I look back at my first year of teaching and cringe. I had the Disneyesque vision of what teaching would be like: perfectly crafted bulletin boards representing each month of the year, students sitting quietly in neat rows waving their hands to answer my thought-provoking questions, freedom to leave my classroom as soon as the bell rang, and long summer vacations. Any educator hearing this would laugh. I was living in my fantasy teaching world and unprepared for the true challenges of reality teaching.

I left a fast-paced, stressful, 50+ hours a week marketing job to begin my new career as a teacher, hoping to train and inspire students for the jobs of tomorrow. An Alternative Education Certification program allowed me to begin teaching immediately, which meant entering the classroom without any formal education training and with very minimal on-boarding. Having once been a student I thought, how hard could it be?!

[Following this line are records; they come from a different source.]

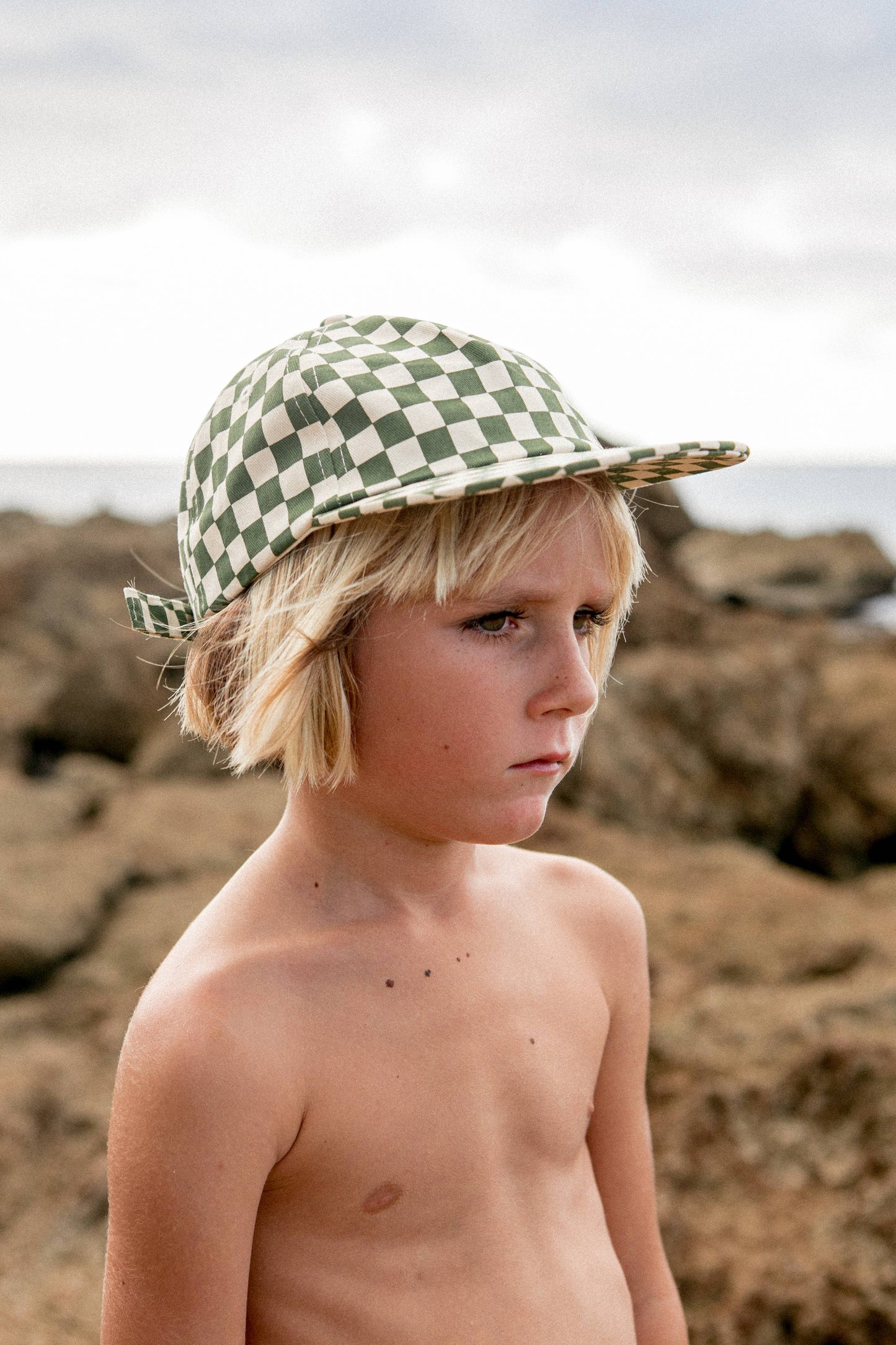 Kids Checkerboard Field Trip Hat Slate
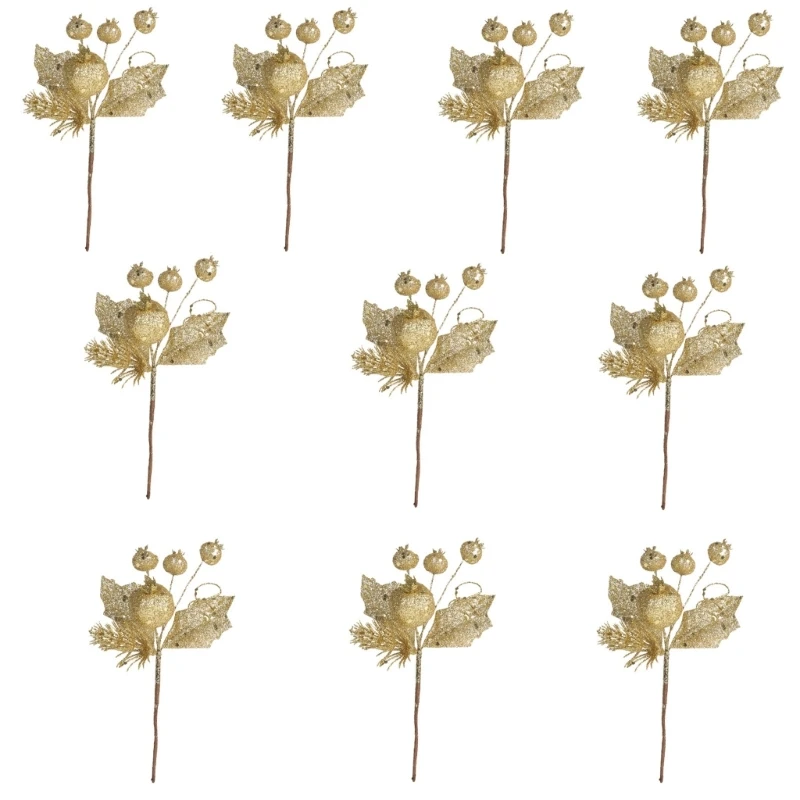 KX4B Paquete 10 decoraciones ramas con tallos bayas navideñas doradas y brillantes para jarrones árboles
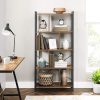 4-Tier Industrial Bookshelf Stable Iron Frame, Rustic Brown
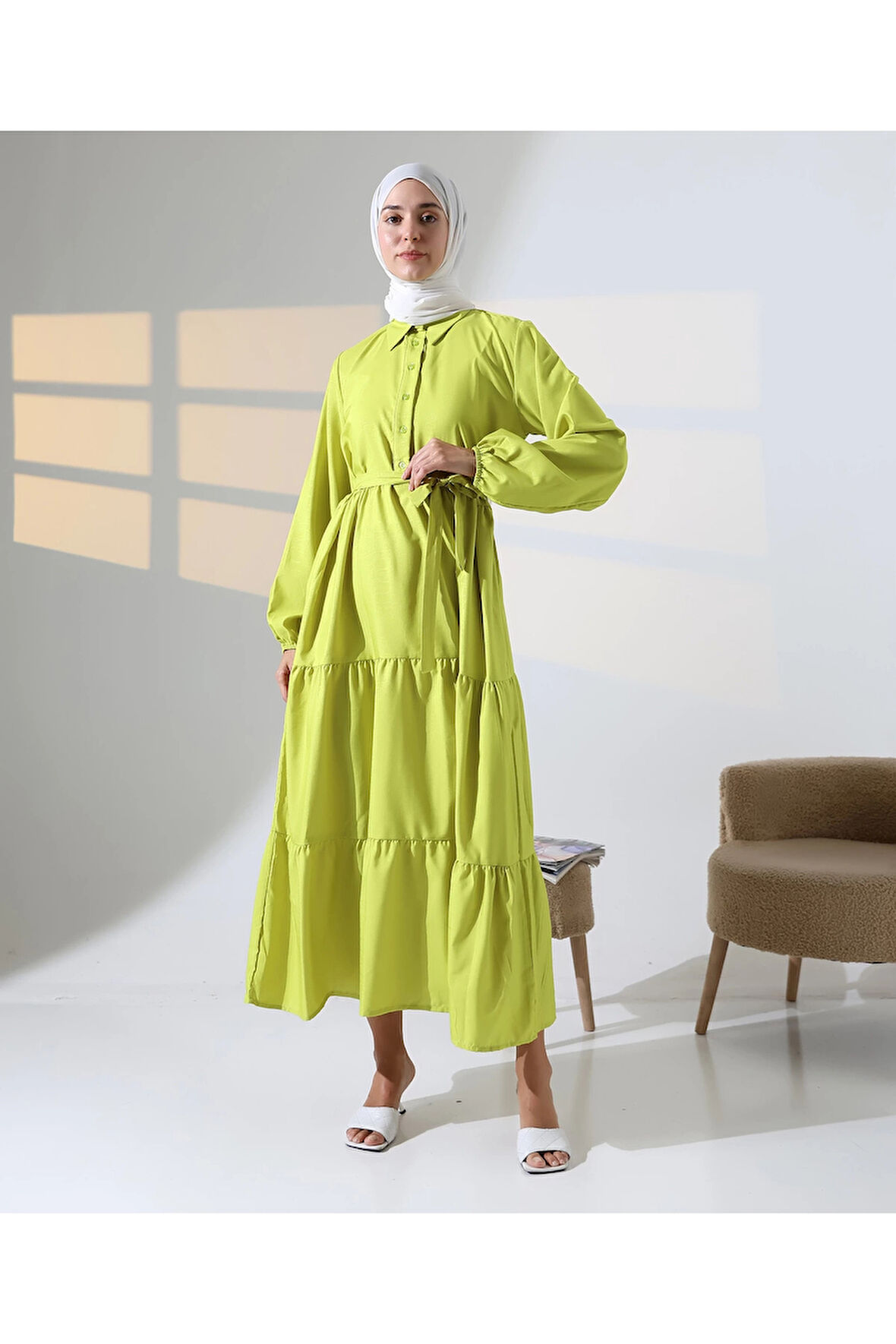 Kadın 100% Pamuk Viskon Desenli Yeşil Tesettür Elbise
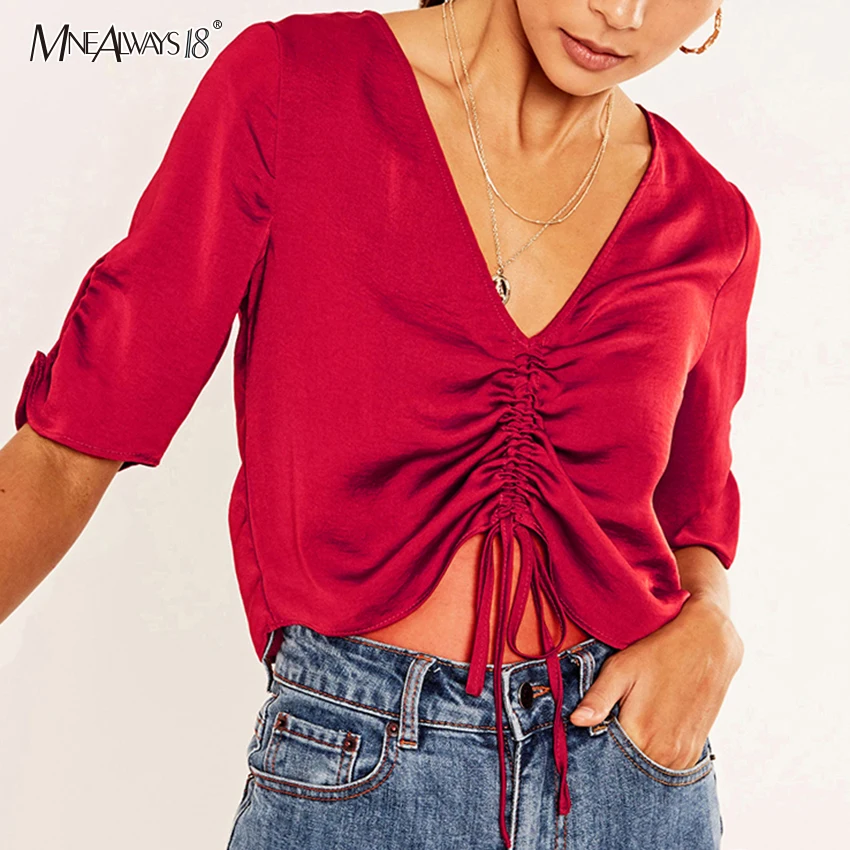 

Mnealways18 Red Satin Deep V-Neck Crop Top Drawstring Half Sleeve Casual Blouse Women Lace Up Silk Summer Shirt 2019 Female Tops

Upon entering my classroom, my enthusiasm quickly drained when I realized I was just a warm body thrown into a world that I was not prepared to enter. My new world consisted of a cramped cinderblock room without books, materials, or even a curriculum map. My administrator excitedly told me I had the flexibility to design my own curriculum, but I didn’t even know what a curriculum meant much less how to create a lesson! Think back to pre-Pinterest and Teachers Pay Teachers, if you can.

Within months, I went from being an eager new teacher ready to take on the world, to one who had to pray to make it through the day. Fantasy teaching quickly became survival teaching. I needed help! I had to become the student once again and learn what I needed to know to become an effective educator by finding professional development materials and collaborating with teachers who were experts in their field.

Today, as an experienced educator, I can see all the things I did wrong in my first year of teaching. I was teaching college-level content to students who were performing below grade level and were learning English as a second language. Not to mention the social aspects of poverty and the diverse learning needs, and the accommodations that accompany them, that many student face.

How many survivalist teachers are out there who can be transformed into exceptional teachers with just some support and guidance? Our profession is in endanger with record high turnover rates for new teachers. What can you do to keep our profession growing and in demand?  Think about how you can use professional development and credentialing programs to revolutionize your school, students, and teachers.